Aim of the task ::
Copy out, unchanged, the entries below from the "Traueranzeige von Helga" line to the final line. Omit pictures.

Records to use ::
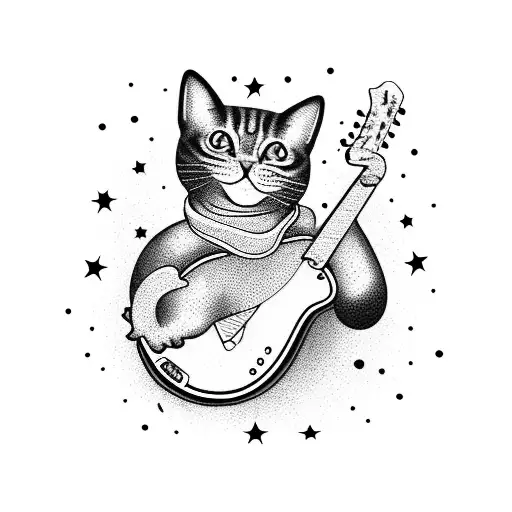 A Cosmic Cat Playing A Guitar Under A Starry Night Sky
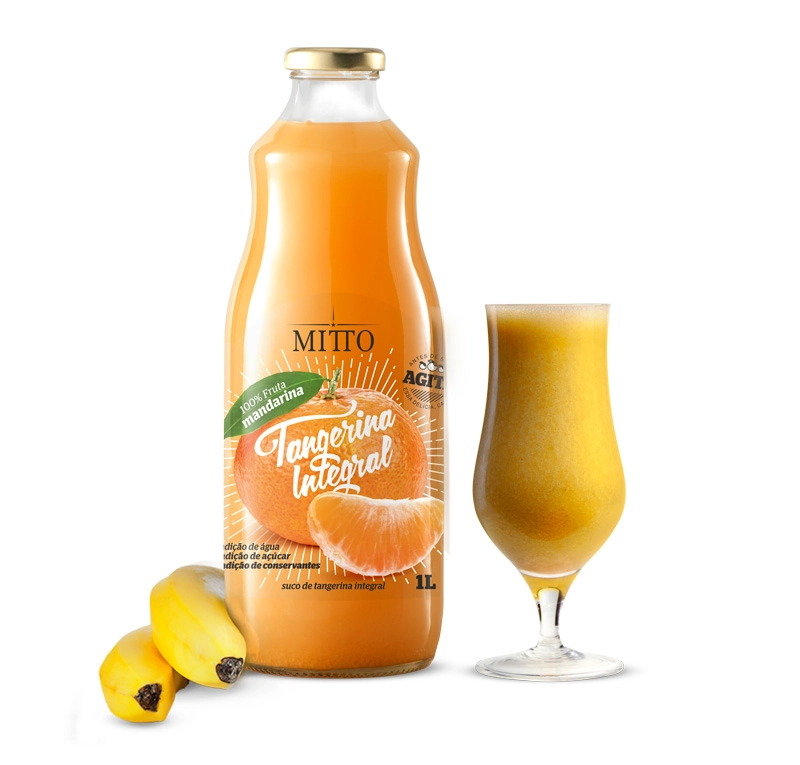 Suco Integral Tangerina Mitto Premium Garrafa 1l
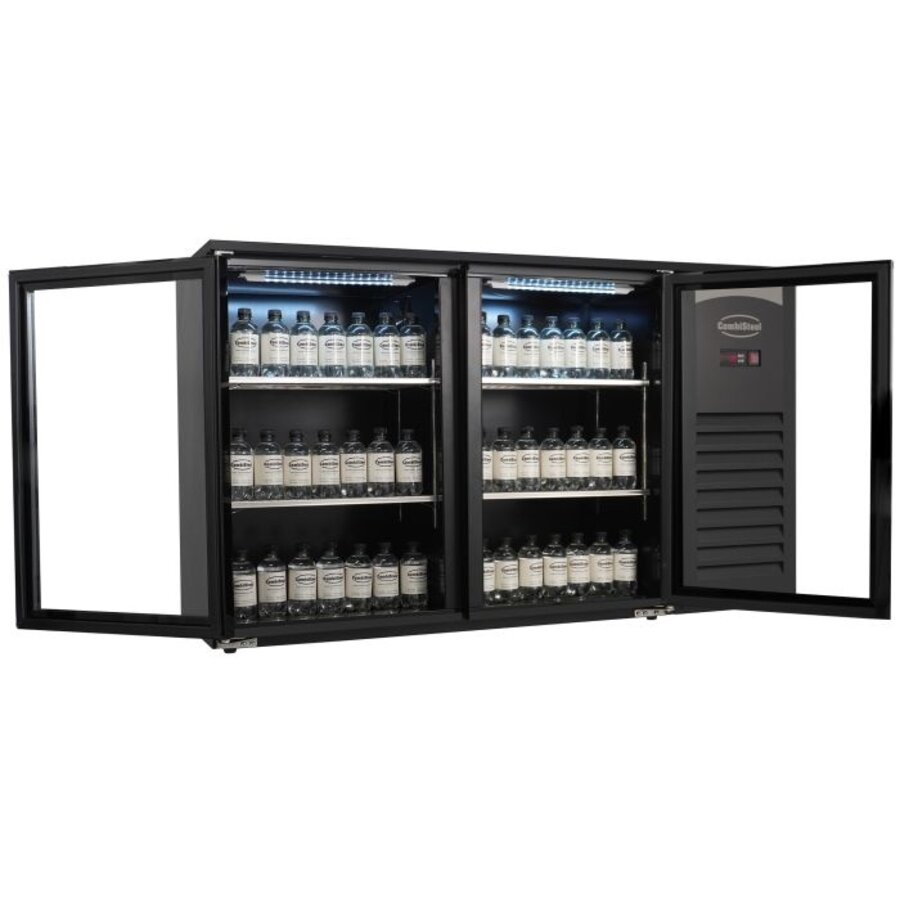 Réfrigérateur de bar - 2 portes vitrées - 305 litres - Noir avec éclairage LED - 1434 x 520 x 860 mm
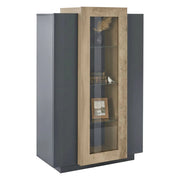 Vetrina Ablaze, Credenza con tre ante, Mobile da soggiorno multiuso, 100% Made in Italy, cm 80x38h121, Antracite e Acero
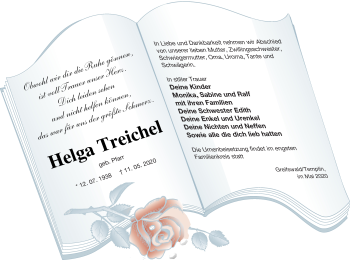 Traueranzeige von Helga Treichel von Templiner Zeitung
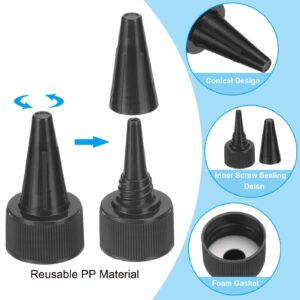 PATIKIL 24/410 Twist Bottle Caps, 15Pcs Plastic Ribbed Edge Squeeze Bottle Replacement Caps with Foam Gasket for Paint Lids Glue Dispensing Bottles, Black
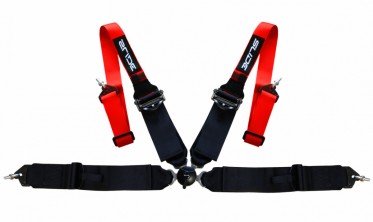 универсальные автомобильные ремни 4-х точечные SLIDE Quick Red-Black фото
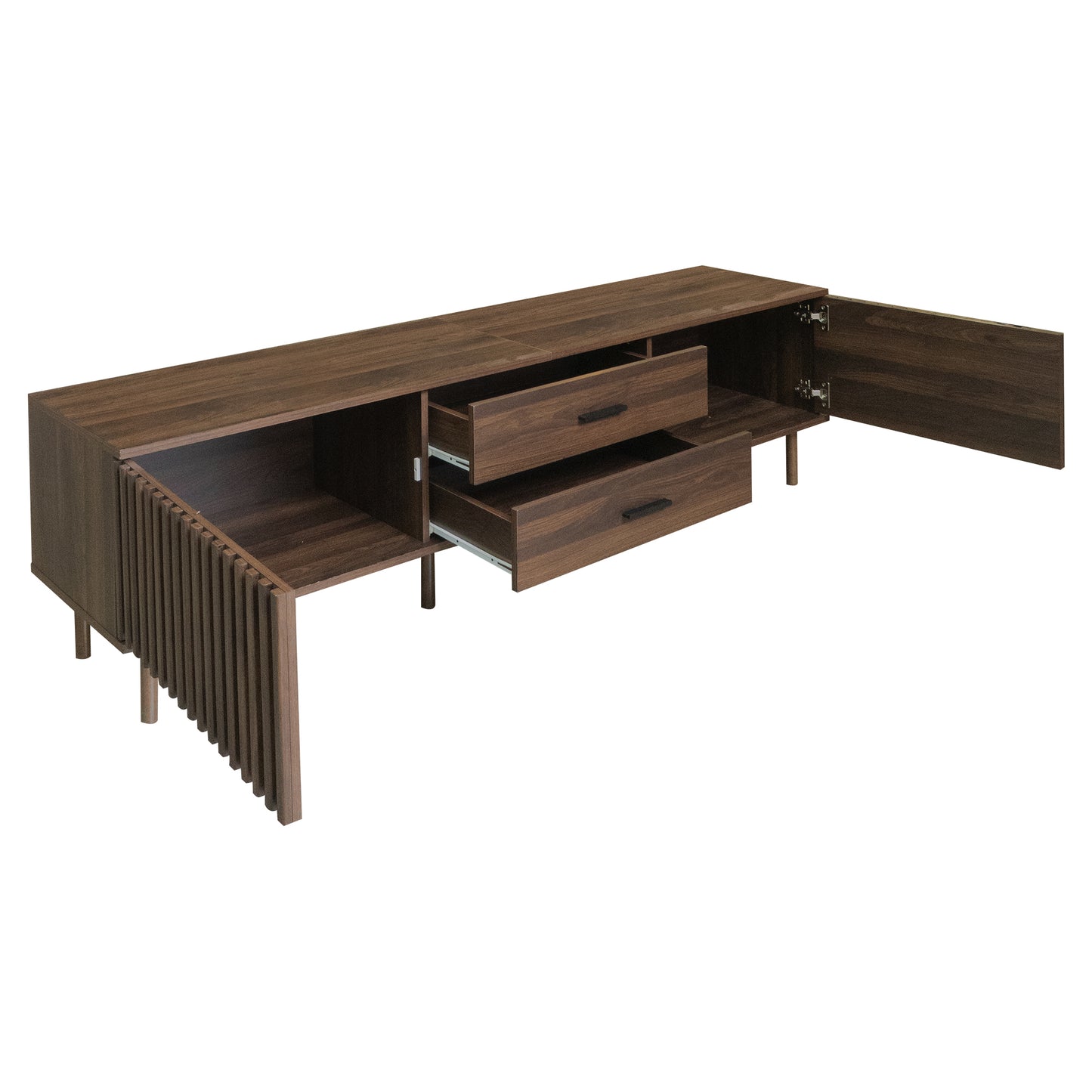 Modern 70-Inch TV Stand for TVs Up to 80 Inches - Dark Brown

Answer to the problem ::
 Traueranzeige von Helga Treichel von Templiner Zeitung
 PATIKIL 24/410 Twist Bottle Caps, 15Pcs Plastic Ribbed Edge Squeeze Bottle Replacement Caps with Foam Gasket for Paint Lids Glue Dispensing Bottles, Black
 универсальные автомобильные ремни 4-х точечные SLIDE Quick Red-Black фото
 Modern 70-Inch TV Stand for TVs Up to 80 Inches - Dark Brown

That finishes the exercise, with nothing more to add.